Ineens lijken er dingen op zijn plaats te gaan vallen. Erik en ik zijn al jaren bezig een juridische kwestie rond ons koophuis op te lossen. We hebben een goede rechtsbijstandsverzekering, en met hulp van onze advocaat worden er concrete stappen gezet. Het verlossende telefoontje is eindelijk gekomen, vanuit de gemeente wordt er meegewerkt en we krijgen de papieren die we nodig hebben om het huis te kunnen verkopen. Iets dat jaren niet mogelijk is geweest. We trekken een fles champagne open op deze goede afloop. Het zal nog een paar maanden duren voordat alle procedures zijn doorlopen, maar dan kan hij me uitkopen. Dat betekent dat ik een comfortabele buffer heb voor als de werkstroom bij mij weer stilvalt, en dat ik uiteindelijk een huis zal kunnen kopen. Wat een opluchting!
De makelaar bij wie ik nu huur, heeft goed nieuws. Ik heb een andere flat bezichtigd, en ik kan die over een maand al betrekken. Een flat waar ik langere tijd kan blijven, die ik naar eigen smaak ik kan richten. Dingen die ik in mijn huidige huis niet kan. Ik ben blij!

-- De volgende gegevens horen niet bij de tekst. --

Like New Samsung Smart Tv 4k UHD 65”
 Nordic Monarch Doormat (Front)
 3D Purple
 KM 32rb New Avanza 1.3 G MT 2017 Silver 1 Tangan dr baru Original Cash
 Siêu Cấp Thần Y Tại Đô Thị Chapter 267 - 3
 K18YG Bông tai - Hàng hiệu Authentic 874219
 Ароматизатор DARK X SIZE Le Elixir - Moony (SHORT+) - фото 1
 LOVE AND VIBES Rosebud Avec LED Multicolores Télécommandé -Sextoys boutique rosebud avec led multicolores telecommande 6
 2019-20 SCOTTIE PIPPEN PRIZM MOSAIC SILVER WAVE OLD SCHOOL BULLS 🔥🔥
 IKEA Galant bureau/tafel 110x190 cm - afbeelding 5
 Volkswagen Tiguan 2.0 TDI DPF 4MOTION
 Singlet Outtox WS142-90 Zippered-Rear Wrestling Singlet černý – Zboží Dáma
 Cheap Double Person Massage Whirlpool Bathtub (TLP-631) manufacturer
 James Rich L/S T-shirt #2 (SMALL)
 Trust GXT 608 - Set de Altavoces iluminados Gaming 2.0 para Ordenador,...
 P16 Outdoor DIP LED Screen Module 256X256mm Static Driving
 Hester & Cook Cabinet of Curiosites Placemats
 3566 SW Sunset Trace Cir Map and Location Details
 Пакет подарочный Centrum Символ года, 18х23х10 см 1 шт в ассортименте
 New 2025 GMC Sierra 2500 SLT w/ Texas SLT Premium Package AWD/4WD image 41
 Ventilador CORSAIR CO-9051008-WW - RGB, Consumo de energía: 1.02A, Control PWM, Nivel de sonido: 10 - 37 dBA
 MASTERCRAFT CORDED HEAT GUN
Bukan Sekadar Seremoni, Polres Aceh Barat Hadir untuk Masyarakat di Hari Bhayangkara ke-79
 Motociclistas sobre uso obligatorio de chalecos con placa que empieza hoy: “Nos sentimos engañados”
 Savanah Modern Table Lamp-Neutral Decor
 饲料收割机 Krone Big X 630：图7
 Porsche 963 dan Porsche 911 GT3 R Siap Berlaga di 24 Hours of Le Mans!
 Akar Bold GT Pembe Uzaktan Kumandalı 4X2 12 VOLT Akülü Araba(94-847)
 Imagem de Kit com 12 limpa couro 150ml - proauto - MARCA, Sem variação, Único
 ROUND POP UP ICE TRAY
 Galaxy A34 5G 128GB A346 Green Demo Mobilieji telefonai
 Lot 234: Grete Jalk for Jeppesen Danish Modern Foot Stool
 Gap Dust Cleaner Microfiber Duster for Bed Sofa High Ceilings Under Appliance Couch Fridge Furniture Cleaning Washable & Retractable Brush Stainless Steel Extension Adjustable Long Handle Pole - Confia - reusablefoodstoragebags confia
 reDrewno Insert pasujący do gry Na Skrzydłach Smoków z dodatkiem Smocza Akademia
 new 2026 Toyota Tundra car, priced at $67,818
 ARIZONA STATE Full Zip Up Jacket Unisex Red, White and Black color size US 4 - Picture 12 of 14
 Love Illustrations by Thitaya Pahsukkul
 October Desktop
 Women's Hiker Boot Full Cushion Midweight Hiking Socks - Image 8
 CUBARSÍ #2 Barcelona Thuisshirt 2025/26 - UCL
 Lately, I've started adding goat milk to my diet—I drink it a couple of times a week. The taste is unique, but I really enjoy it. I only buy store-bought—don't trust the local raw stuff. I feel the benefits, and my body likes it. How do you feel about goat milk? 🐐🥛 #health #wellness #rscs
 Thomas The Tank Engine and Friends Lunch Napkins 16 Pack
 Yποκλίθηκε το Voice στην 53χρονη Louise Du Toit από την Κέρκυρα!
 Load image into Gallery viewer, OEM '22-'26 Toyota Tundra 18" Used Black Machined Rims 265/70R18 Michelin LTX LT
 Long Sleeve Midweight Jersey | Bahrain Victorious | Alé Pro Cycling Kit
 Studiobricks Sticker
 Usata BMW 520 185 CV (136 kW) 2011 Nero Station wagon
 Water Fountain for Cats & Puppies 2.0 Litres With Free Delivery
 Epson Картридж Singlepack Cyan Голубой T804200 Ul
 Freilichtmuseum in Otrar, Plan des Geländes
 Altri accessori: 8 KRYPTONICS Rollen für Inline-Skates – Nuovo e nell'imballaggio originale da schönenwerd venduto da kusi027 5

En dan komt Bob naar me toe. ‘Het gaat niet zo goed met me, mam’.
Ik schrik ervan. Ik had natuurlijk wel in de gaten dat hij er nog lang niet was, maar kennelijk heeft hij toch dingen voor me verborgen gehouden. Of heb ik ze niet gezien. Geen tijd, bezig met andere zaken…
‘Ik snap er niks van,’ verzucht hij. ‘Ik heb het hartstikke naar mijn zin op school, het contact met papa is goed. En toch voel ik me steeds vaker zwaar klote’.
Ik ben blij dat hij aan de bel trekt, en dat zeg ik ook tegen hem. ‘Ik wilde je niet tot zorg zijn,’ zegt hij. ‘Je hebt al zoveel aan je hoofd’. De tranen springen in mijn ogen. ‘Lieverd, laat dat alsjeblieft nooit een drempel zijn. Ik zet met liefde en plezier alles opzij als het met jou of je broers niet goed gaat’.
Hij haalt zijn schouders op. Hij weet het wel, maar hij wil zo graag alles zelf oplossen.
Ik bel de huisarts voor een verwijsbrief, en een psycholoog in de buurt. Bob wil niet terug naar Karina, zijn sporttherapeute. ‘Ik hoef die sport er nu niet bij, ik vind het wel best om gewoon te praten’.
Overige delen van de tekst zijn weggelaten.